The whole listing below should be retyped exactly, without any images.

**Data segment**
============

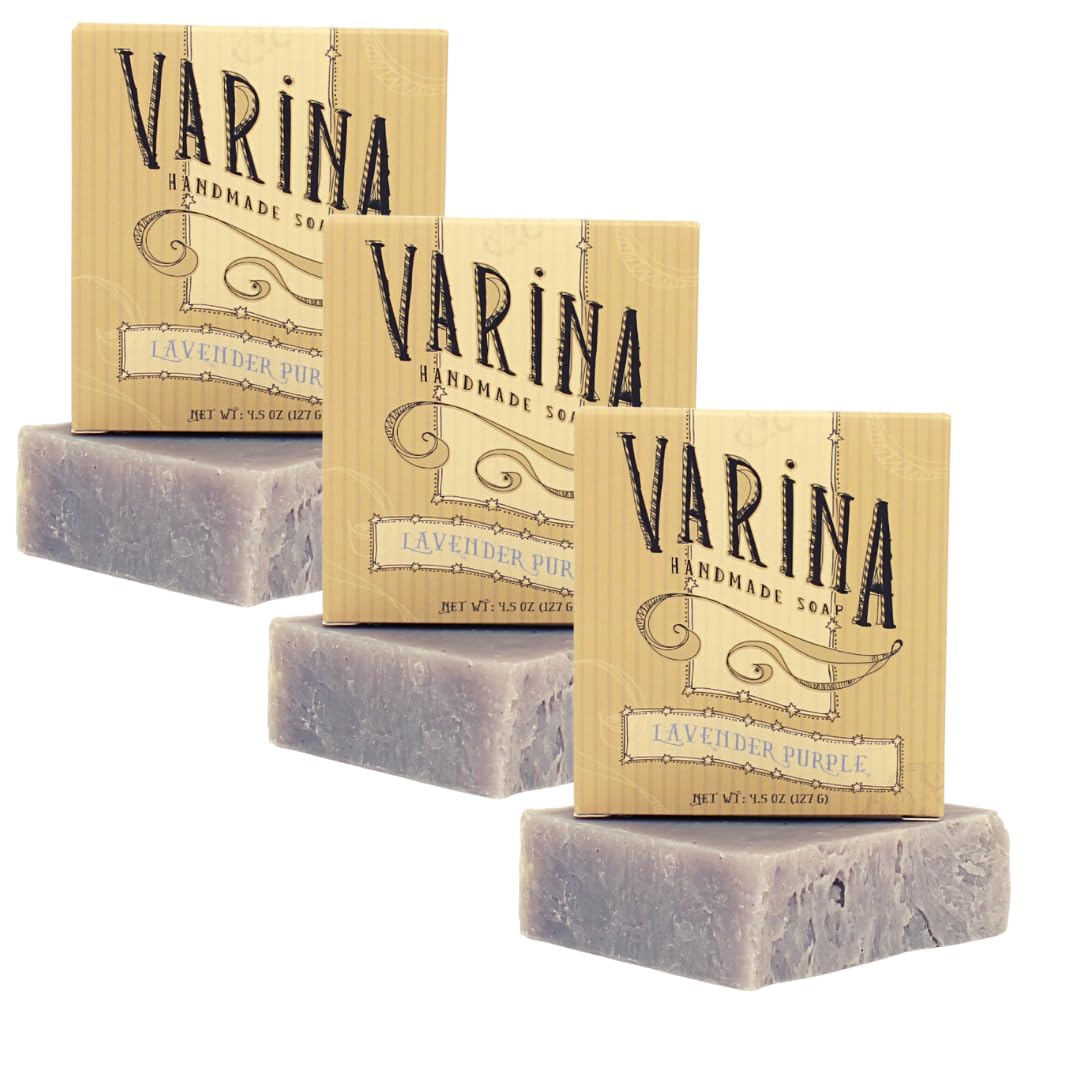 Lavender Purple Bar Soap – Floral Herbal Scent – 3 Pack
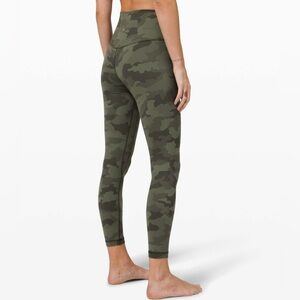 lululemon athletica Camouflage Leggings - Green and Black
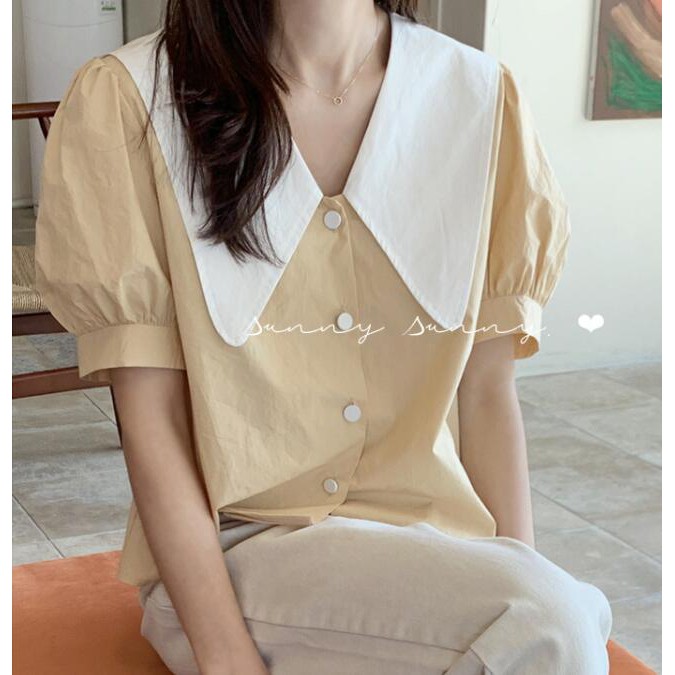 Áo sơ mi tay ngắn cổ búp bê màu sắc xinh xắn cho nữ | BigBuy360 - bigbuy360.vn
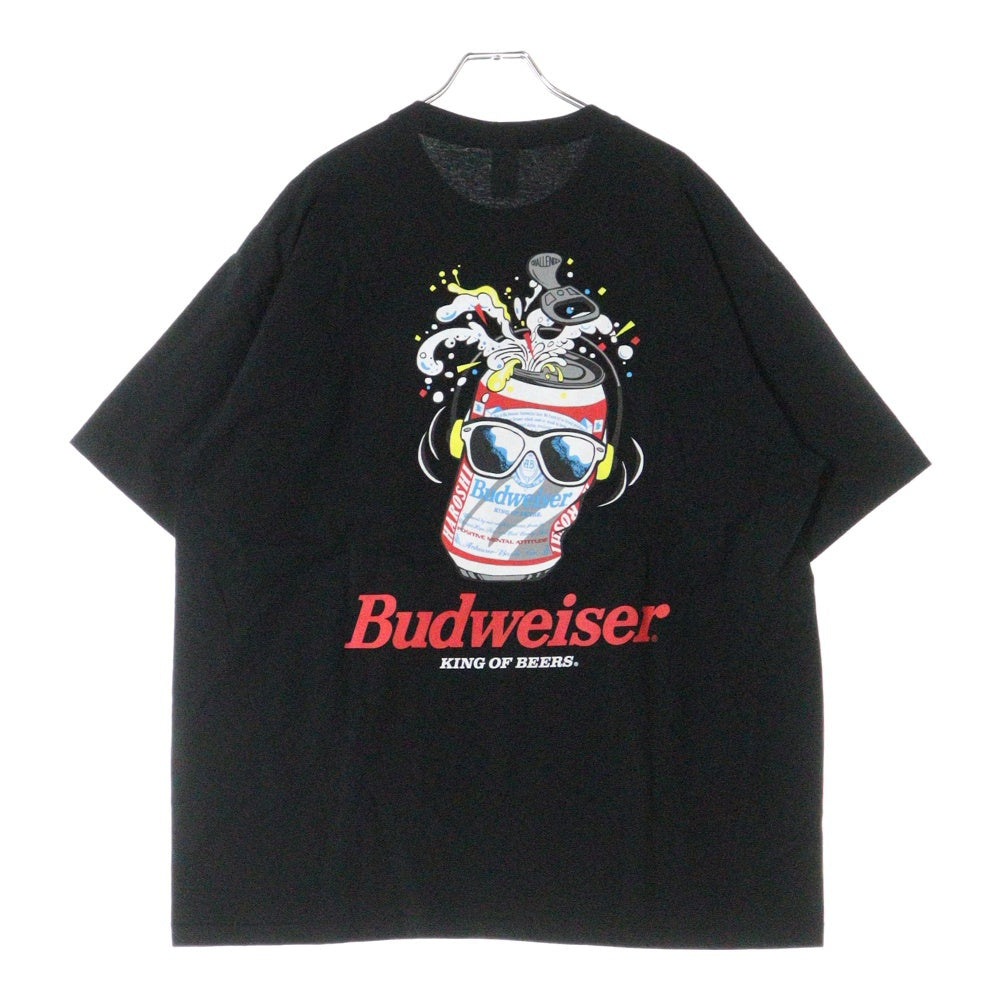 CHALLENGER(チャレンジャー) ×HAROSHI xBUDWEISER ×ハロシ ×バドワイザ- バックプリント 半袖Tシャツ カットソー ブラック CLG BUD 025-003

============

**Completed task**
 Lavender Purple Bar Soap – Floral Herbal Scent – 3 Pack
 lululemon athletica Camouflage Leggings - Green and Black
 Áo sơ mi tay ngắn cổ búp bê màu sắc xinh xắn cho nữ | BigBuy360 - bigbuy360.vn
 CHALLENGER(チャレンジャー) ×HAROSHI xBUDWEISER ×ハロシ ×バドワイザ- バックプリント 半袖Tシャツ カットソー ブラック CLG BUD 025-003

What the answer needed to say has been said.